§ What you should do
Verbatim repeat, images excluded. Give each entry again as written.
※
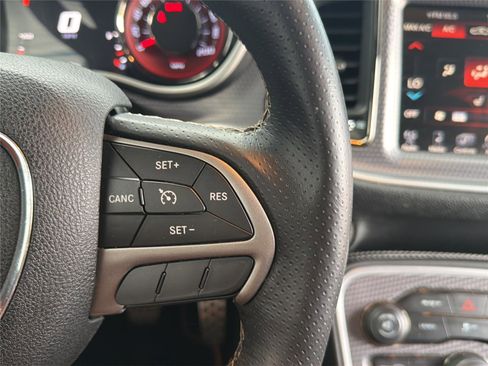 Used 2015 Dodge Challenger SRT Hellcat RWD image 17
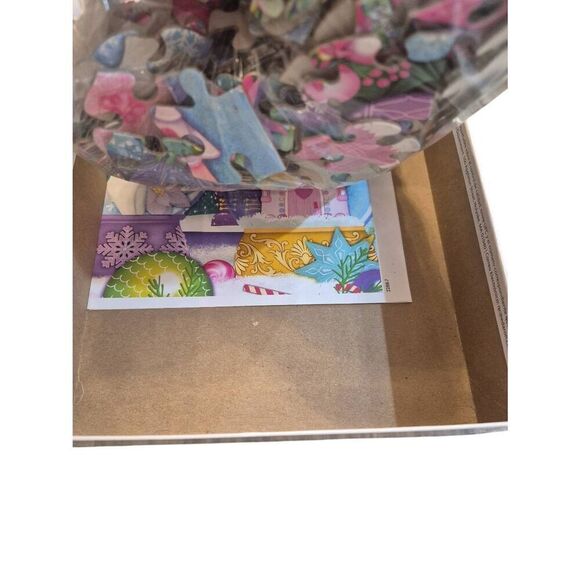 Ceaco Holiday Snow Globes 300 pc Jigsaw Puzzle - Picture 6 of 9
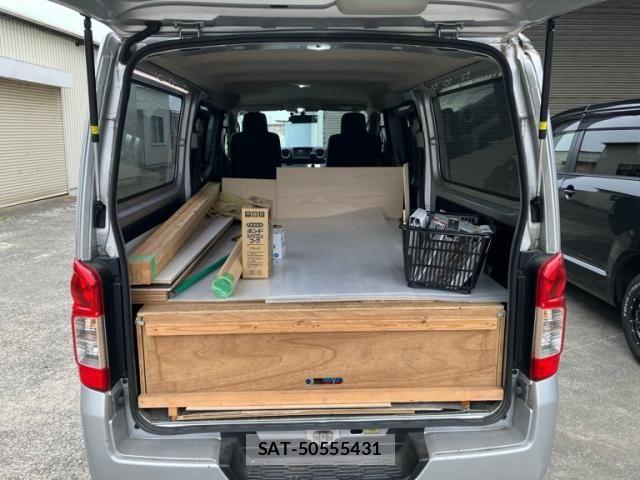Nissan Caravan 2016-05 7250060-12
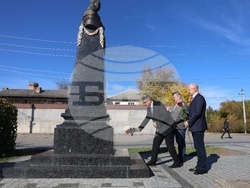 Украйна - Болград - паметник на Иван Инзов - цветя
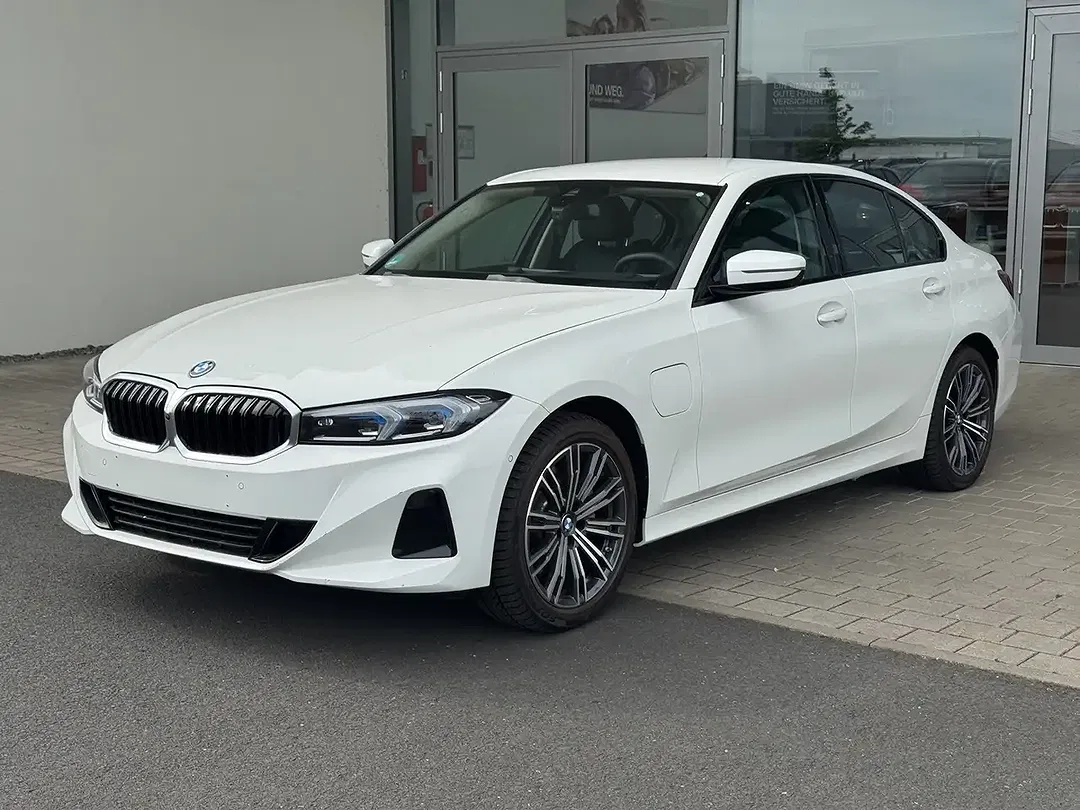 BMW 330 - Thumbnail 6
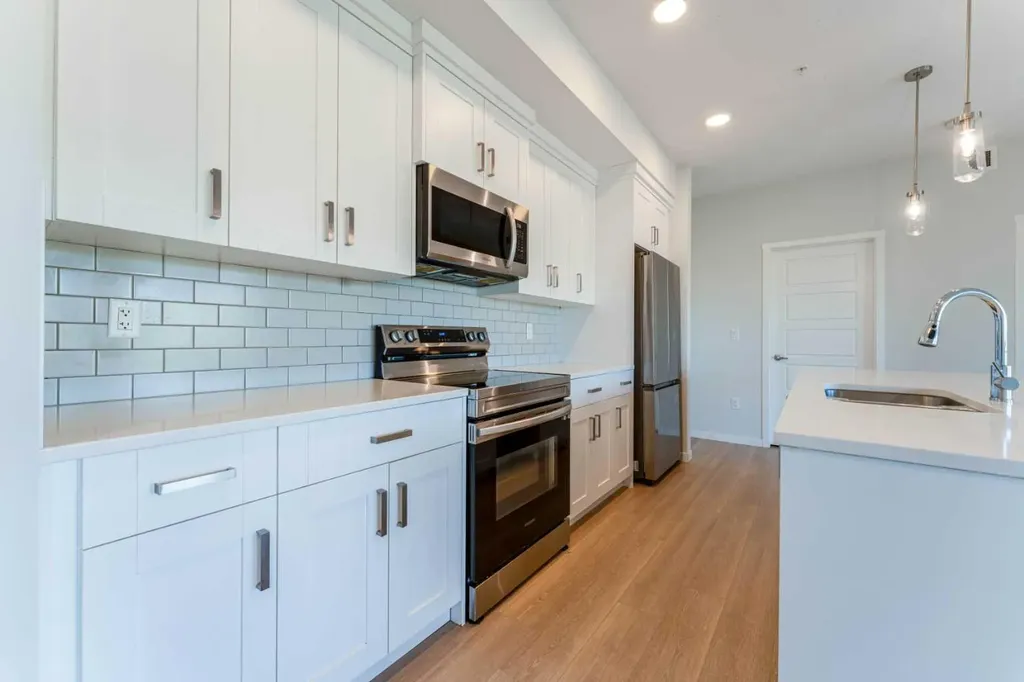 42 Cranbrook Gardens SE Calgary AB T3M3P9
※
§ Output
 Used 2015 Dodge Challenger SRT Hellcat RWD image 17
 Ceaco Holiday Snow Globes 300 pc Jigsaw Puzzle - Picture 6 of 9
Nissan Caravan 2016-05 7250060-12
 Украйна - Болград - паметник на Иван Инзов - цветя
 BMW 330 - Thumbnail 6
 42 Cranbrook Gardens SE Calgary AB T3M3P9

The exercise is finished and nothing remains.